AMSynths Minisonik

Overview  Back in 1974 G.D.Shaw designed the Practical Electronics Minisonic 2 analog synthesizer. It was published as a magazine project to build, and complete kits were available from a company called Phonosonics. I was lucky enough to get this kit as a Xmas present in 1974 and I gradually built the whole synthesizer with the keyboard and controls in a Roland SH3 style casing. My first synth!

The Minisonic 2 synthesizer proved disappointing, as the VCO’s drifted and I could not get close to the keyboard playing octaves accurately. I recorded a few songs with this synth but sold it in 1979 to help pay for a visit to the USA, as I never managed to sort out the two VCO’s which drifted with hopeless keyboard tracking. An experience shared by many UK DIY synth enthusiasts!

Original Design The Minisonic 2 came with a 4 octave keyboard, two VCO’s, a diode filter, two basic AR envelope generators, two VCA’s with manual output panning. There was no LFO but VCO2 could be set as a drone, and there was a ring modulator. Listening to the music I wrote with the synth in 1979, you can hear the low drones and the VCS3 style filter.

AM8050 Prototype

Minisonik Replica I toyed with the idea of a replica for some years and built a copy of the diode filter as the AM8050. I was put off the idea of a full replica, as the VCA’s use rare 6-pin MFC6040 chips which are hard to find and expensive. There is no LFO, the two envelopes are AR and  only a sawtooth waveform from each VCO.

On the positive side there is lots of modulation routing via over 20x latching push button switches, the VCO’s can be set to drone and detached from the keyboard, there is bi-directional variable cross mod, variable oscillator sync, and VCO1 can FM modulate the filter as a LFO. There is also a ring modulator, are two outputs with level and panning.

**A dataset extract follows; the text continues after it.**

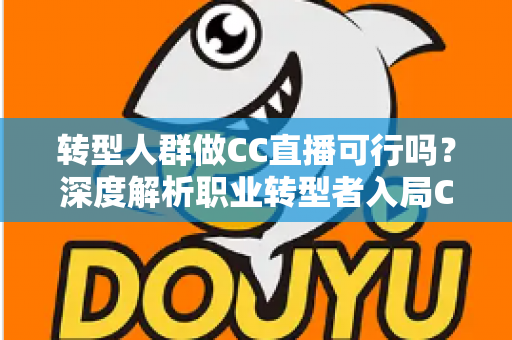 转型人群做CC直播可行吗?深度解析职业转型者入局CC直播的机遇、挑战与实操路径 转型人群做CC直播可行吗?深度解析职业转型者入局CC直播的机遇、挑战与实操路径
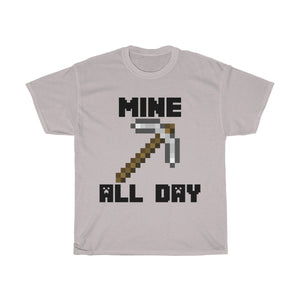 Mine all day legendary tee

Then in 2021 I found by chance, an 8-pin DIL version of the VCA chip; it was cheap and available as NOS. I knew I could sort out the tracking and stability of the VCO’s with an amended exponential converter design, so the project was on!

Minisonic 2 Routing

Features The Minisonik synth is based on the original design, with a some subtle changes and improvements:

  • New exponential converters in the VCO’s and VCF
  • Dual matched transistor pairs in the expo converters
  • Temperature compensation in the VCO’s.
  • Revised noise source using a transistor rather than a diode
  • Removed the +/-6V power supply
  • Retained the +/-9V power using LDO regulators
  • LED indicator for power ON/OFF
  • Tune control but no Span or Portamento
  • Eurorack Pitch and Gate inputs
  • External input to Ring Mod and added one to the VCF.
  • Color code push button caps
  • 60 HP black anodised panel

Minisonik Panel

Development The synth was laid out across two PCB’s, Panel and Main, in Autumn 2021. The front panel design was done first, so I could determine where the pots and switches would be. I have kept to the original left to right layout with the VCF, ES/VCA’s lined up vertically. The pan controls and envelope levels use 9mm trimmers, so I could fit the synth into 60 HP, with large knobs for the main controls.

The noise circuit is a traditional transistor design (ARP, Oberheim) using the 2SC828 which is particularly good at generating a wide noise spectrum (as used in the Roland TR808). The SG3402 based ring modulator circuit has been retained, as it has a slightly different internal schematic than the easier to find MC1496. The headphone feature has been omitted, which means we don’t need the rare MFC4000B chips. The Eurorack standard +5V gate signal is converter to -9V for the envelope shapers using a comparator chip and a transistor inverter.

Outcome  The two PCB’s were ordered in July 2022 and gradually populated over the next 3 months.